In the Brahmaputra basin, the simulation with the compromise solution underestimates streamflow for the monthly time series and annual averages (Fig. 10a). However, except for few high rainfall years, the seasonal amplitude was mostly overestimated (Fig. 10b). In comparison to the model that was calibrated with the standard approach, the compromise solution in this basin performed better, with lower mean absolute deviation in all aspects of streamflow simulation (Table 8).

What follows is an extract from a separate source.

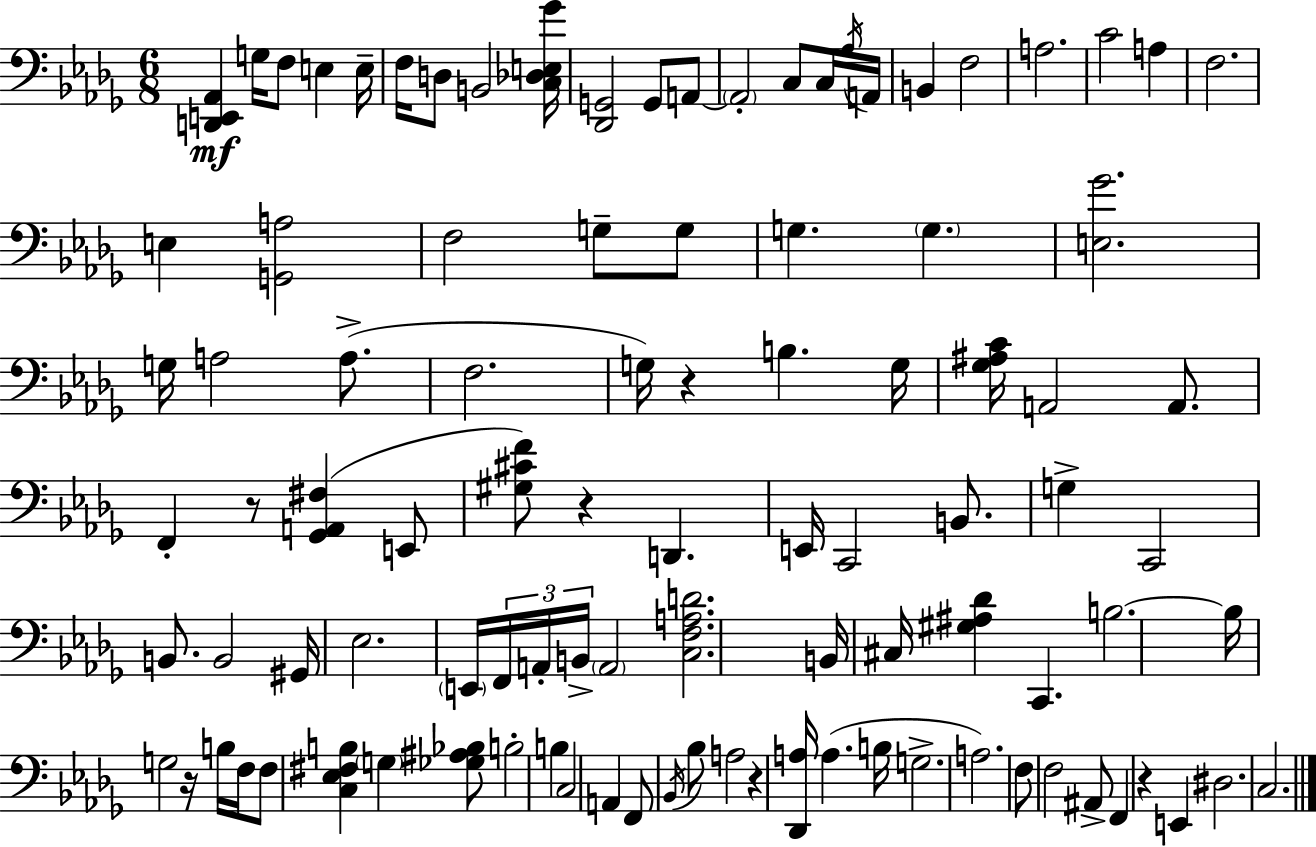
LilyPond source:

Negative trends of TWSA are clearly visible in observations of both the Ganges and the Brahmaputra basins (Figs. 9c and 10c). Because we used only few years of TWSA data in calibration (2003–2009) and within this period the trend was not very obvious, all calibrations fail to represent the TWSA decrease in the two basins. Nevertheless, beyond the calibration period, the seasonality and peaks are correctly represented (with high correlation coefficients between observation and simulation in 2010–2019; Table 9) by the simulations with the compromise solutions of the two basins. Also, the mean deviation of the TWSA is 11.7 % and only 7.3 % of mean annual amplitude in the Ganges and the Brahmaputra basin, respectively. The model's inability to produce the negative TWSA trends causes an overestimation of the TWSA in the later years of the simulation time series. The performance of the calibrated model with standard calibration in simulating the TWSA is worse than that of the compromise solution and even worse than the uncalibrated model.
a Pearson correlation coefficient. b The unit of RMSE for Q is m3 s−1 and for the rest of the variables millimetres (mm).

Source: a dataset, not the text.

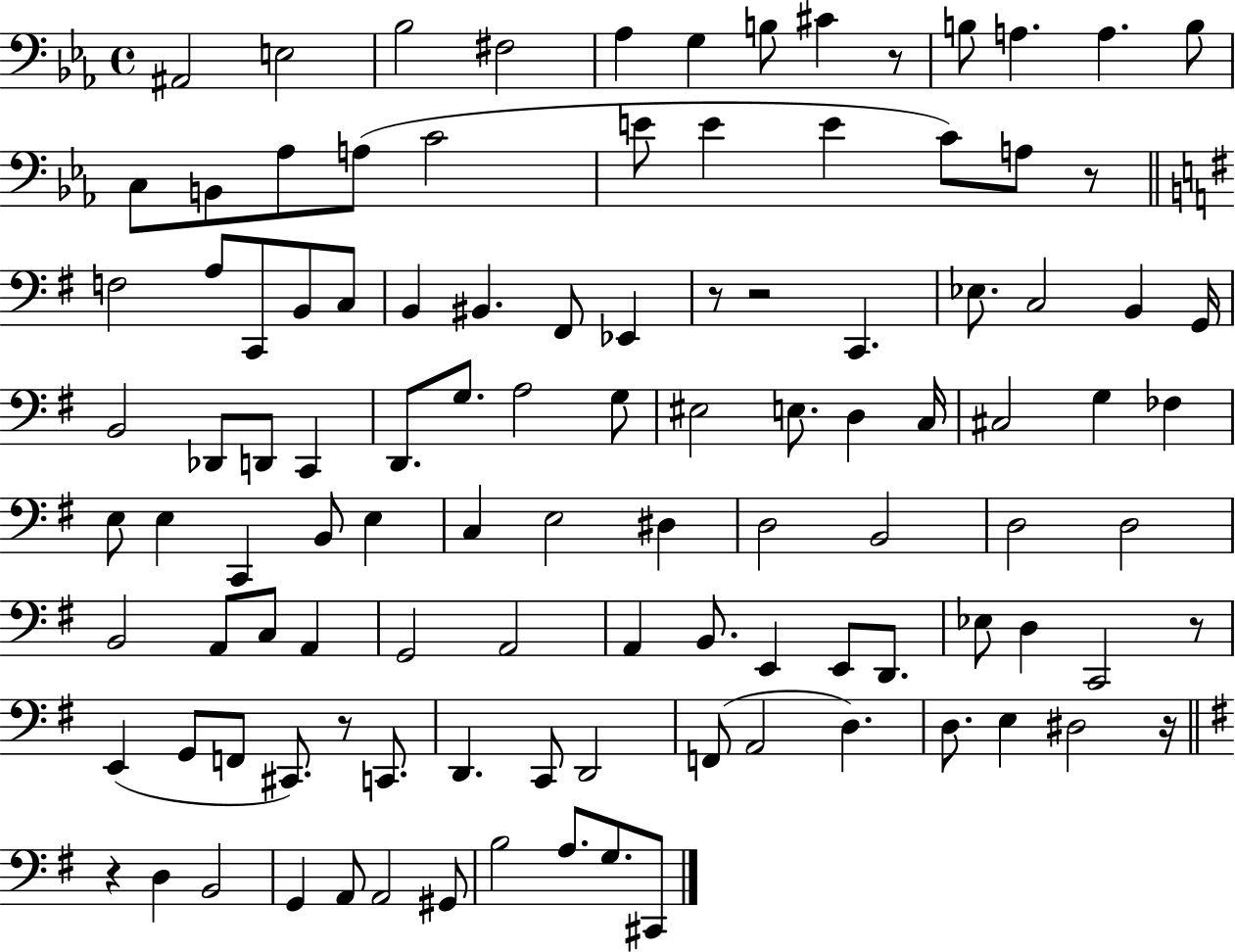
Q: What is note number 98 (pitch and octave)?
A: B3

ET simulation with the compromise solution in the Ganges basin mostly underestimates the observed values, except for a few winter months. It should be noted that the interannual variability of amplitude is very small in the ET observation in the two basins (13.6 mm in the Ganges and 11 mm in the Brahmaputra). The seasonal amplitude is underestimated by the compromise solution in most years in the Ganges basin, whereas it is slightly overestimated in the Brahmaputra basin in most years. The monthly means in the Ganges are underestimated for all months except March. In the Brahmaputra basin the monthly means match well with the observations with only 3 % of mean absolute deviation; the annual mean in the basin also has a very small deviation from the observations.
For SWSA, the simulation with the compromise solutions is limited in accurately reproducing the mean seasonality of the observed SWSA: the seasonal peak of the simulated SWSA is on average 1 month delayed relative to the observations. The earlier increase in the SWSA by 1 month as compared to the simulations could be explained by the detection of rice paddies or wet soil signal by the satellite method (Papa et al., 2006), which is not captured by the model.

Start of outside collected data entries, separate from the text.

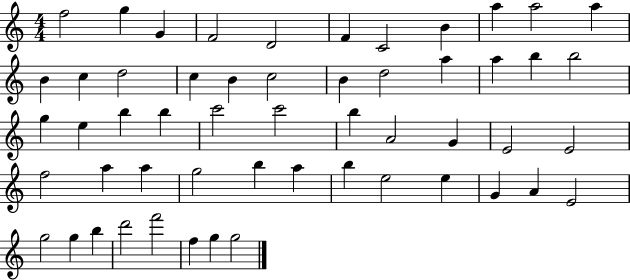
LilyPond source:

{
  \clef treble
  \numericTimeSignature
  \time 4/4
  \key c \major
  f''2 g''4 g'4 | f'2 d'2 | f'4 c'2 b'4 | a''4 a''2 a''4 | \break b'4 c''4 d''2 | c''4 b'4 c''2 | b'4 d''2 a''4 | a''4 b''4 b''2 | \break g''4 e''4 b''4 b''4 | c'''2 c'''2 | b''4 a'2 g'4 | e'2 e'2 | \break f''2 a''4 a''4 | g''2 b''4 a''4 | b''4 e''2 e''4 | g'4 a'4 e'2 | \break g''2 g''4 b''4 | d'''2 f'''2 | f''4 g''4 g''2 | \bar "|."
}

The seasonal amplitude is slightly underestimated by the simulations, especially in the later observational years (2002–2007) (Fig. 9h). In contrast, in the Brahmaputra basin, the compromise solution simulates the SWSA dynamics very well (Fig. 10g and h).
The simulation results with the ensemble of compromise solutions obtained by consideration of observation uncertainties (group 2) usually show similar dynamics to the compromise solution itself. The uncertainty of the group 2 simulation results, i.e. the bandwidth around the compromise solution, is smaller than the observation uncertainty bandwidth (Table S13, Fig. 10) except for streamflow and SWSA simulations in the Ganges basin. The bandwidth of ET in the group 2 solutions is the lowest (32.2 % and 23.8 % of the observed mean in the Ganges and Brahmaputra basins, respectively, in comparison to observation average uncertainty band width of 53.4 % and 50.5 % in the two basins). In the Brahmaputra basin, the monthly streamflow simulations with the group 2 solutions fall mostly within the observation, while in the Ganges basin the monthly streamflow peaks are mostly overestimated and pass beyond the upper limit of observation uncertainty. Although the group 2 simulation bandwidth was smaller for TWSA for the two basins than the observation uncertainty bands, the simulation bandwidth follows the observation uncertainty band only in the Brahmaputra basin. In the Ganges basin, with the exception of a few years, the group 2 simulation uncertainty band misses the observation uncertainty band even in the calibration period. The group 2 uncertainty of ET simulations falls within the observation uncertainty band in both basins. For SWSA, due to the better representation of its seasonality in Brahmaputra, the uncertainty of SWSA simulations is also better covered by the observation uncertainty than in the Ganges basin.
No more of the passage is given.